第40話 元気でね
結果的にジミーたち、闇ギルドが仕掛けた襲撃は大きな被害も出ず終わった。
ひとえに闇ギルドの二重スパイとして動いてくれた協力者の功績が大きい。
僕は翌日、功労者の彼女を自室に呼びだして今回の仕事を評価した。
「ありがとうメリコ、君のおかげで今回は救われた」
「見に余る光栄です」
メリコは元々闇ギルドの人間だった。
彼女はスパイとして僕の家に仕えていたんだけど。
ビィトは気づいていたようで。
彼のユニークスキルによって二重スパイになった経緯がある。
ジミーたちが仕込んだユニークスキルを封じる料理についても彼女がいなければ防げなかった。
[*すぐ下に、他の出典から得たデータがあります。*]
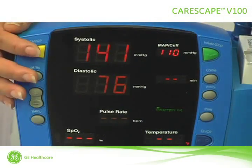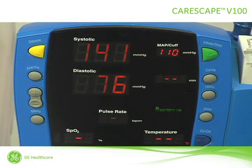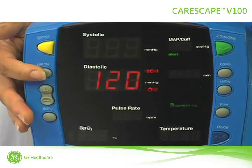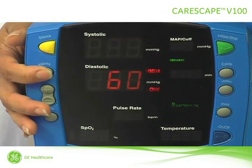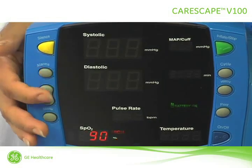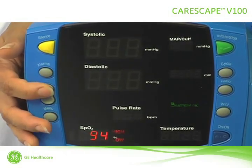The silence button disables the audible alarms for two minutes. Pressing silence also clears any active alarms that can be cleared. To view or change the alarm limits, use the alarms button. Separate systolic and diastolic limits can be set for adults, pediatric patients, and neonatal patients. Pressing the plus or minus buttons will adjust the high or low level alarm limits for systolic, diastolic, heart rate, and SpO2.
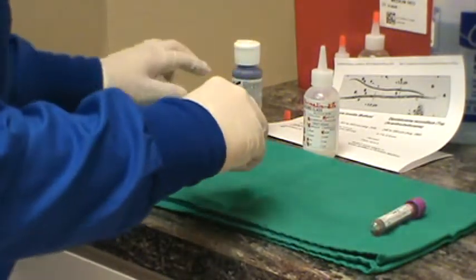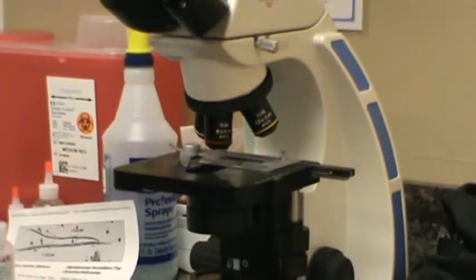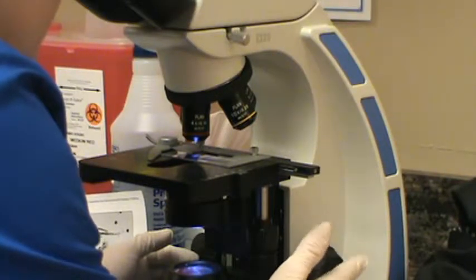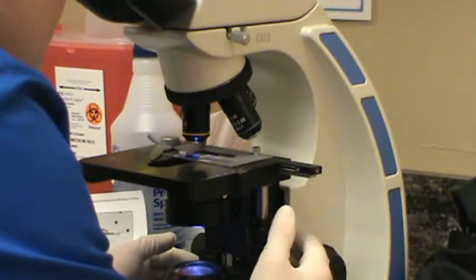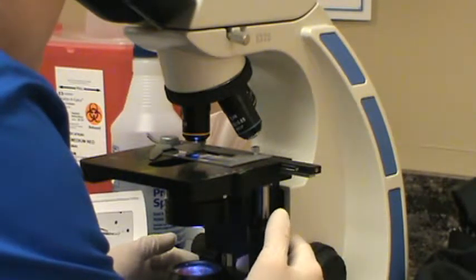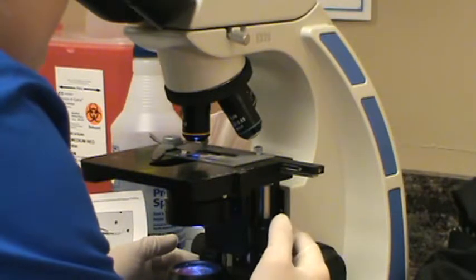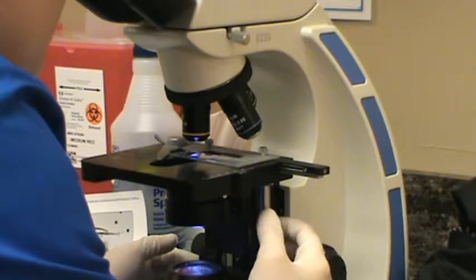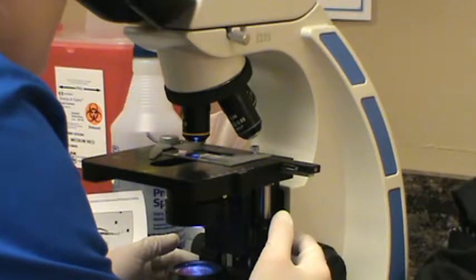We're going to place the slide on the microscope stage and take a look. We'll start on the lowest setting, get it focused in, and then move to the 10x objective. On the 10x we are looking for microfilaria. With the red blood cells lysed, microfilaria will appear as a stiff, fixed little worm. We scan using the battlement technique, going back and forth methodically to make sure we don't miss any area.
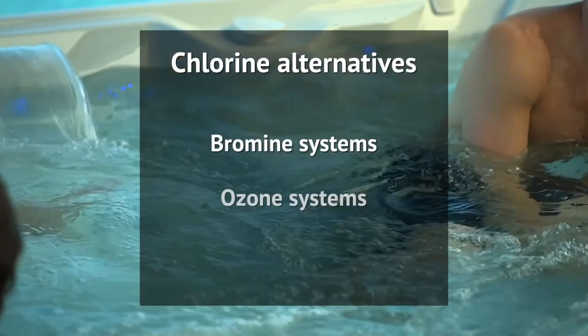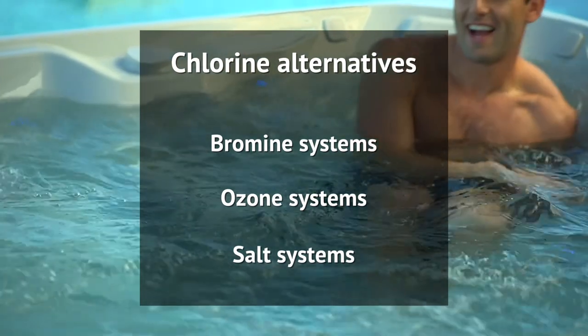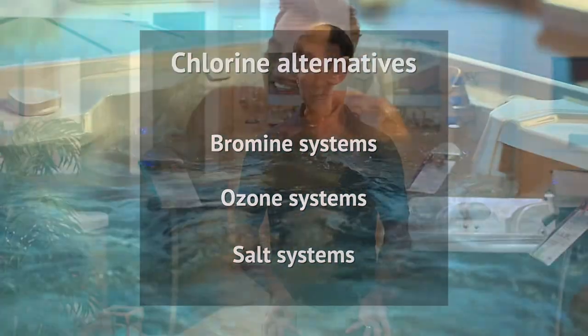Fortunately, these people have other options. Ozone systems neutralize contaminants by injecting ozone into the water, while a non-chlorine oxidizer combined with other minerals cleans the water and slows bacterial growth. This option is very mild on the skin and eyes.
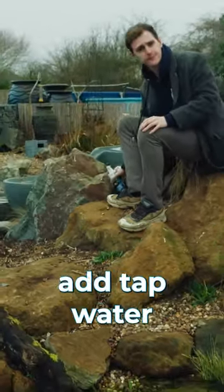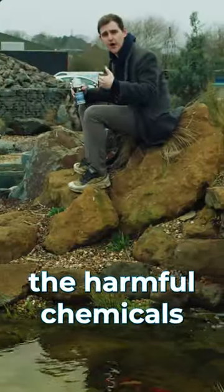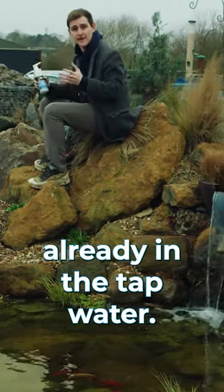Then when adding more water to your pond, add tap water with detoxifier in the tap water, as that water will help take out the harmful chemicals and toxins already in the tap water.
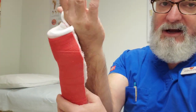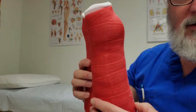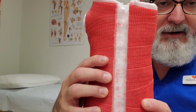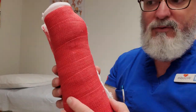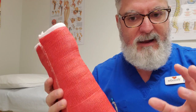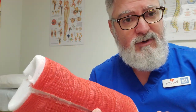As you can see, the cast comes right off. When operated correctly, not only did we not cut through the cotton, but we didn't cut through the stockinette either. When you're dealing with pediatric patients, this is super important — it really creates a nice comfort factor and a level of trust with the caregiver.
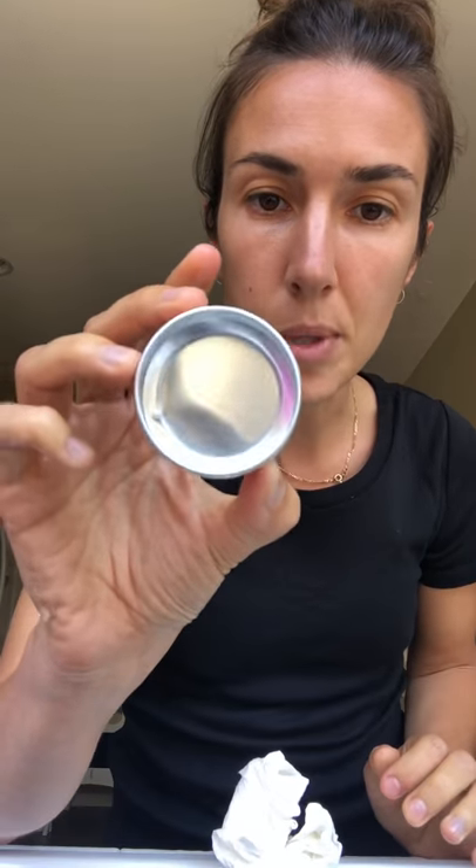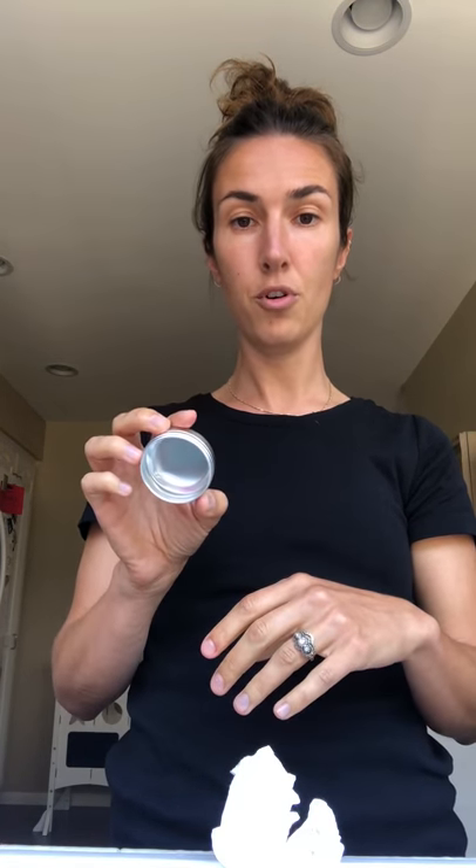Now you can see it's completely clean. I also recommend for sanitary reasons to spritz with some rubbing alcohol afterwards — that will kill anything off. It is oil-based, so there's not much bacterial growth anyway, but it's good practice before reuse.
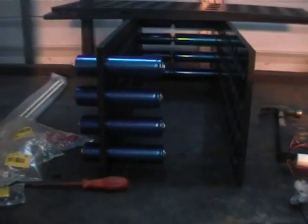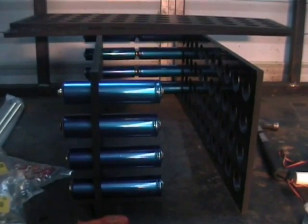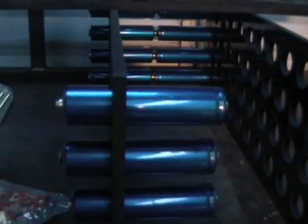This is a quick video intro to our new Headway lithium traction pack. I've been doing some initial tests on it here just to see how the cells fit.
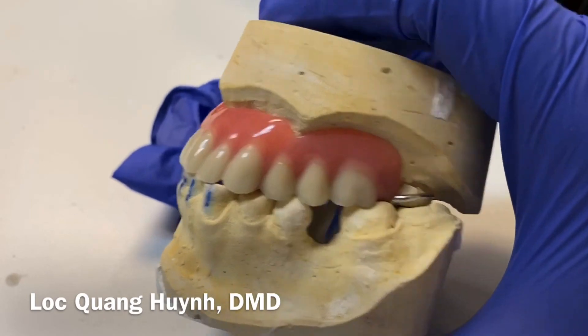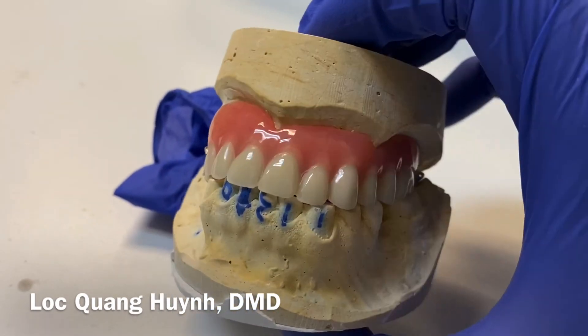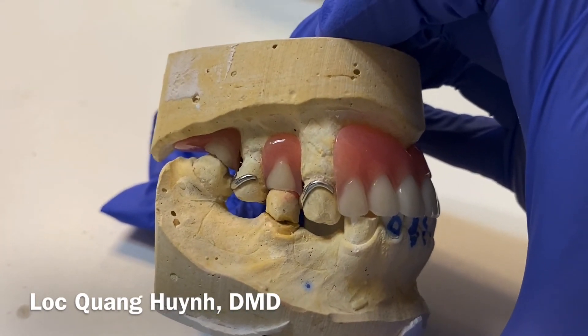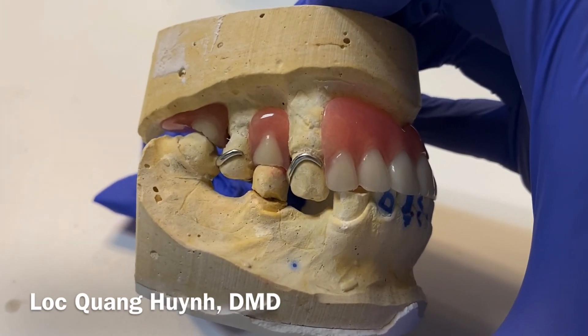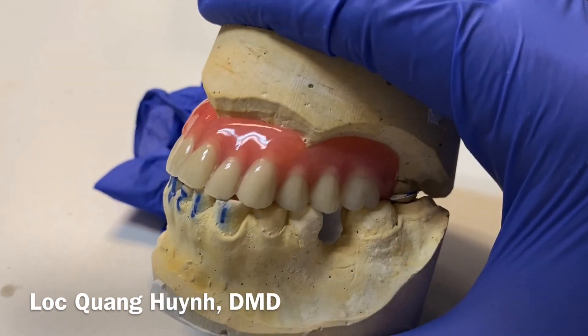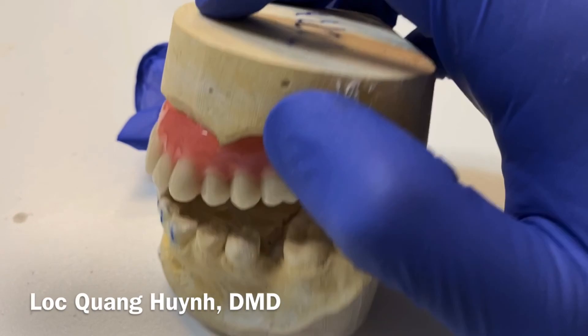Again, this is an introduction and illustration of a partial denture — how the partial denture looks like. I hope you have a great day. Follow us on our YouTube channel so we can see more different things about dentistry and how dentists can help patients in their daily dental care and life.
メリコの功績を評価し、彼女は本日付けでA級冒険者に格上げ。
A級冒険者になれば冒険者支援を受けられるようになり。
その支援があればメリコは一生食うのに困らないはずだ。
今回の件でメリコは二重スパイを辞めたいと打診してきた。
「もう二重スパイには飽きました、今後は一人の冒険者として料理を探究したい」
「わかった、今までありがとう」
「それで坊ちゃま、首謀者ジミーの遺体は消息不明だとのことですが」
そう、メリコが言ったように、ジミーの遺体は誰かに盗まれたらしい。
闇ギルドの仕業だとすると、ジミーの遺体は悪用される可能性がある。
だからジミーの遺体捜索のためのクエストをS級のものとして依頼してある。
アルベルトやハクレンの手によって今も捜索中だとのことだ。
「私にできることがあれば何なりとお申しつけください」
「わかった、メリコは今後僕の実家に戻るの?」
「悩んでいます、このまま坊ちゃまの料理番としていてもいいのではないかと」
「それだったら僕としても歓迎するよ」
という訳で、メリコは僕の側近兼、お料理番として働くことになった。
メリコがいればこれまで外食ばかりだった食生活が改善されるだろうな。
あ、それと。
「メリコには闇ギルドが作ったっていうユニークスキル封じの料理を研究して欲しい」
「例のですか? 別に構いませんがどうするつもりだ」
「ユニークスキルの有無は戦況をくつがえすほど脅威的だからさ」
だから、それを封じる手段を僕ら、冒険者ギルドも獲得しておきたい。
メリコは僕の提案に「諸刃の剣だと思いますけどね」と言い、了承してくれた。
メリコが退室した後、喪服に着替えた。
昨日の事件で亡くなった命を弔うため、これから街ぐるみの慰霊会がある。
◇ ◇ ◇
慰霊会の会場である講堂にはすでに大勢の関係者がつどっていた。
学長のルーズベルトは壇上で哀悼の意を口にすると、彼は最後に。
「私は今日を持って学長の席を辞める、今回の件の責任を誰かが負わねばなるまい」
ルーズベルトの突然の辞職発言に、講堂にいた生徒たちは涙していた。
「諸君は大勢の友を失った、彼らを正しい道に導けなかったのが私の何よりの悔いとなろう、私は余生を老いぼれ冒険者の一人として過ごすことにしたよ。そして闇ギルドをこの世から滅ぼすため、尽力しようと思う」
――では祈りを捧げよ。
「皆の者、五分ばかりの黙とうを頼む」
学校の生徒たちと黙とうをささげる中、僕は隣にいたユーリに目をやった。
僕と一緒に親友ジミーの最期をみとった彼女を。
ふと、脳裏にあの時の光景が浮かぶ。
ジミーはユーリに光る剣で身体を上下真っ二つにされ、天を仰いだ。
魔族化していた彼の肌が元の色に戻り、ジミーは儚げな表情を浮かべる。
彼の身体は粉雪によってほのかな白化粧がなされ。
冬の寒気によって凍てついた石畳の通りの上に倒れていた。
「……なんだよユーリ、また泣いてるじゃねーか」
「ごめんね、ジミー、ごめん、ね……っ!」
「オーウェンはいるか?」
衰弱したジミーの目には何も映ってないみたいだ。
僕はずっと、彼の目の前にいるのに。
「僕ならここだジミー」
「ユーリを困らせるんじゃねぇっていつも言ってただろ」
「酷いな、彼女を困らせてるのは君なのに」
「はは……俺、もうそろそろいくよ」
ユーリは彼の手を握り、僕も二人の手に手をそえた。
そしたらさ、ジミーは――行きたくないって言い始めた。
「俺、まだ行きたくなかった、だってお前らといた方が幸せなんだもんよ」
――騎士学校に入るためだからといって、別れたくなかった。
「ずっと、お前らといたかった」
それが彼の最期の言葉。
彼が今生を惜しんで口にした本音だった。
ユーリはジミーの最期に、いつの日か在った別れを口ずさんでいた。